Questions to consider when reading The Life of Pi and writing a book report on it
Please read through the following questions and respond to some of them when writing your book
report on The Life of Pi. You do not need to answer every question, just those that you find
relevant or that interest you. Feel free to deal with questions that are not on the list below.
- Pi is double religious studies & zoology major in college. Speaking of sloths, he says, “I felt I was in the presence of upside-down yogis deep in meditation or hermits deep in prayer, wise beings whose intense imaginative lives were beyond the reach of my scientific probing…. A number of my fellow religious-studies students—muddled agnostics who didn’t know which way was up, who were in the thrall of reason, that fool’s gold for the bright—reminded me of the three-toed sloth; and the three-toed sloth, such a beautiful example of the miracle of life, reminded me of God” (p. 5). Why do sloths remind Pi of yogis, hermits, or God? Why does Pi evaluate his fellow religious-studies majors as he does? What draws “agnostics in the thrall of reason” to religious studies?
- What do you think about Pi’s comparison of zoos to God & religion? (pp. 15-19): “I know zoos are no longer in people’s good graces. Religion faces the same problem. Certain illusions about freedom plague them both.” (p. 19)
- Do you agree with Pi’s statement, “We are all born like Catholics, aren’t we—in limbo, without religion, until some figure introduces us to God?” (p. 47)
- If Pi had started his life as a Christian or Muslim rather than a Hindu, with its multiplicity of gods and goddesses, do you think he would have been as open to seeing the beauty of other religions?
- What does Richard Parker represent? Satan, fear, Pi (or some aspect of Pi), the threat of nonexistence, God?
- What do you think the floating island represents? What do you think the blind man represents? What is the meaning of the two men named Satish Kumar, Pi’s atheist biology teacher and the Sufi baker?
- The author divides the book into 100 chapters, like Dante's Divine Comedy. What is the significance of that? What parallels are there between The Life of Pi and the Divine Comedy?
- The Japanese ship is named Tsimtsum, which is actually a Hebrew term used by the Jewish Kabbalist Isaac Luria to refer to doctrine that “God began the process of creation by ‘contracting’ his Ein Sof (infinite light) in order to allow for a ‘conceptual space’ in which finite and seemingly independent realms could exist.” How does the name of the ship affect your understanding of the book?

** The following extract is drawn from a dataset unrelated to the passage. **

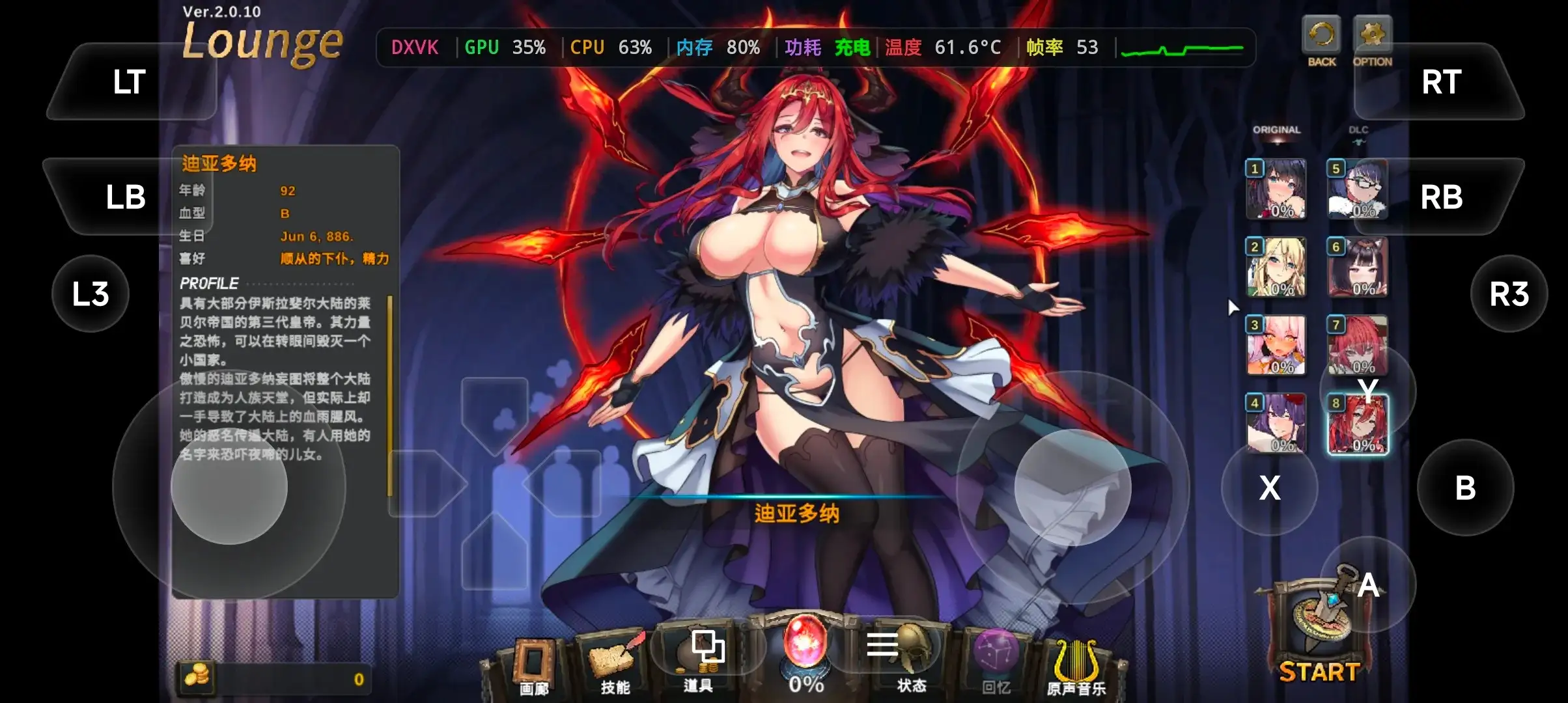 【日系RPG/AI汉化】祈愿之旅2.0.10+DLC 官中步兵版【PC/1.28G】 电脑端-第1张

- “These things don’t exist.” “Only because you’ve never seen them.” “That’s right. We believe what we see.” (p. 294)—“Love is hard to believe, ask any lover. Life is hard to believe, ask any scientist. God is hard to believe, ask any believer.” (p. 297)—What do these interchanges between Pi and the Japanese investigators mean to the story?
- Pi is an irrational number, so does the fact that the main character’s name is Pi mean that religion is irrational? On the other hand, irrational numbers are real, so is that relevant to the discussion (the set of all real numbers equals the union of all rational and irrational numbers)? What about the fact that Pi is on the sea for 227 days, and 22/7 is an approximation of pi?
- How do you feel about describing Pi's religious faith as "a remix of religions"?
- The Life of Pi may be compared to the story of Job in the Bible: the three animals are Job’s three friends, the tiger is God, and the blind Frenchman is Elihu (random interruption of story). Do you think this is a valid comparison?